Tampoco en la Argentina es nueva la lógica de los muros y los alambrados: a partir de las soluciones individuales o sectoriales se fue forjando en el país lo que Svampa, una de las investigadoras que más ha trabajado el tema de la fragmentación social, llama "una comunidad del miedo", que viene de la mano de una "lógica de enclave". Es decir, "la defensa del pequeño territorio, de la isla en sí misma, separada o segregada del resto del espacio social". Ejemplo de esto son los countries y barrios privados que desde los 90 se han convertido en un fenómeno extraordinario de ocupación del espacio urbano.
Lo novedoso ahora, señala Svampa, es que "en nombre de un paradigma del control y de la seguridad, los muros intentan levantarse y avanzar sobre el espacio público". De esta manera, agregó, "en un contexto en el que la problemática de la inseguridad parece desplazar a la de la exclusión, la lógica del enclave pretende ser generalizada como dispositivo de relación entre los sectores favorecidos y los excluidos, sobre todo en aquellas zonas o fronteras en donde el contraste entre riqueza y pobreza es mayor".
Pero, ¿no asistimos acaso a un cambio de modelo de Estado, opuesto en casi todos los terrenos al que se impuso en la Argentina de los 90? Según Svampa, en algunos ámbitos efectivamente el Estado ha buscado retomar su capacidad de regulación, "pero tanto en el ámbito de la seguridad como en el de la defensa del patrimonio público, como es el caso de los recursos naturales, hay una continuidad inquietante". Esto es así porque, agregó, el Gobierno tiene en mente un modelo mixto, público-privado, que marca la continuidad de los moldes de dominación de los 90 en el sentido en que la imbricación entre lo privado y lo público desembocó en una colonización y vaciamiento de lo público". Algunos investigadores, añadió, lo llaman el "Estado ventrílocuo, en el que lo privado habla a través de lo público".

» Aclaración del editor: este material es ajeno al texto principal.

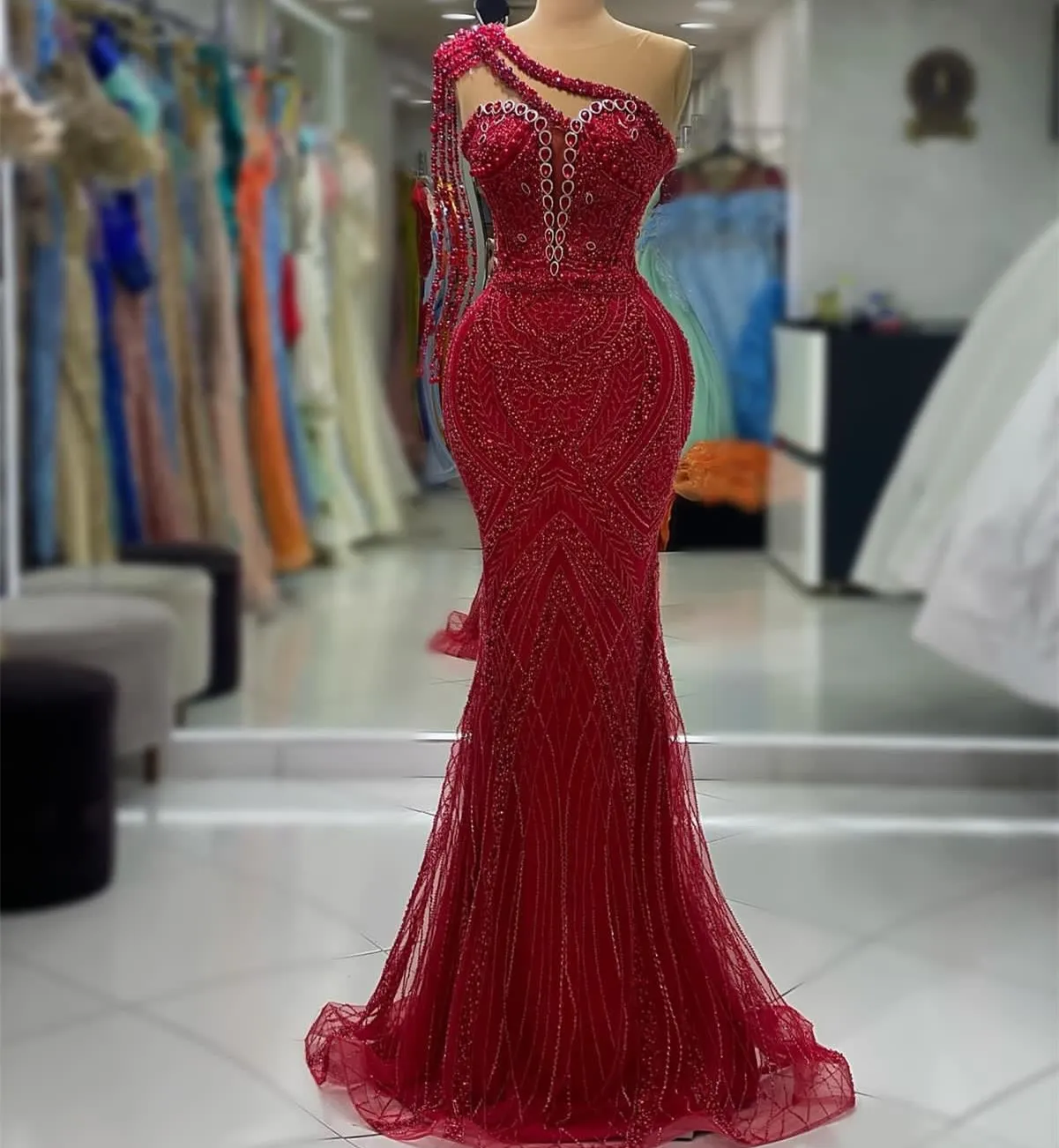 2023 Aso Ebi Arabo Sirena Rosso Scuro Abito da ballo Perle Paillettes Pizzo Serata Formale Festa Secondo Ricevimento Compleanno Abiti di Fidanzamento Abiti Robe De Soiree ZJ360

¿Es posible salir de este laberinto? ¿Hay alguna receta para imaginar una sociedad sin muros ni exclusión y en la que al mismo tiempo sean atendidas las demandas de más seguridad? Según Juan Llach, economista y sociólogo, si bien el de los muros es un fenómeno generalizado en el mundo y no exclusivo de los países en desarrollo, "esto no debe ser una excusa para no luchar denodadamente contra el flagelo de la segregación social, el principal desafío al que debe darse respuesta". El camino para derribar los muros pasa, a su juicio, por "promover y darles posibilidades de integración a los que más lo necesitan, con mejores políticas asistenciales y sin clientelismo, con empleo y formación, posibilidades educativas, de vivienda, de salud y de distribución del ingreso". Y al mismo tiempo, añadió, se deben mejorar las políticas de seguridad, que a todas luces están fracasando. "Incluyo en esto la cuestión del narcotráfico, que motoriza buena parte de la inseguridad que vivimos".

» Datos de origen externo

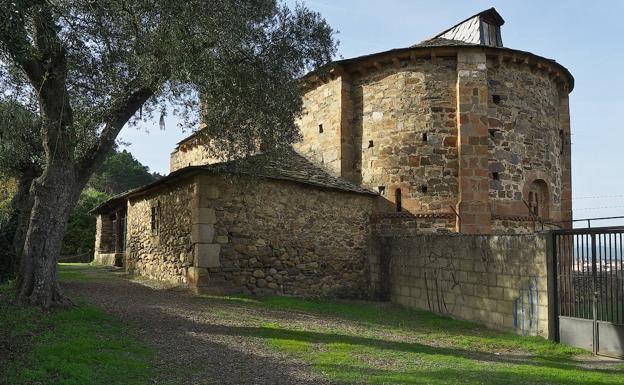 El Ayuntamiento de Ponferrada compromete la restauración de la iglesia de Santa María de Vizbayo de Otero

Si la tragedia de Valentín Alsina, esta semana, fue un recordatorio más de que la criminalidad afecta a todos, sin distinciones de ningún tipo, una política de muros, vallas y barreras no sólo representa un ideal mezquino de país, sino que además no parece tener mucho sentido. Como dijo Adelia Ramírez, empleada doméstica que vive en Villa Jardín y trabaja en La Horqueta, la del muro "fue una idea absurda, con la que no se soluciona nada".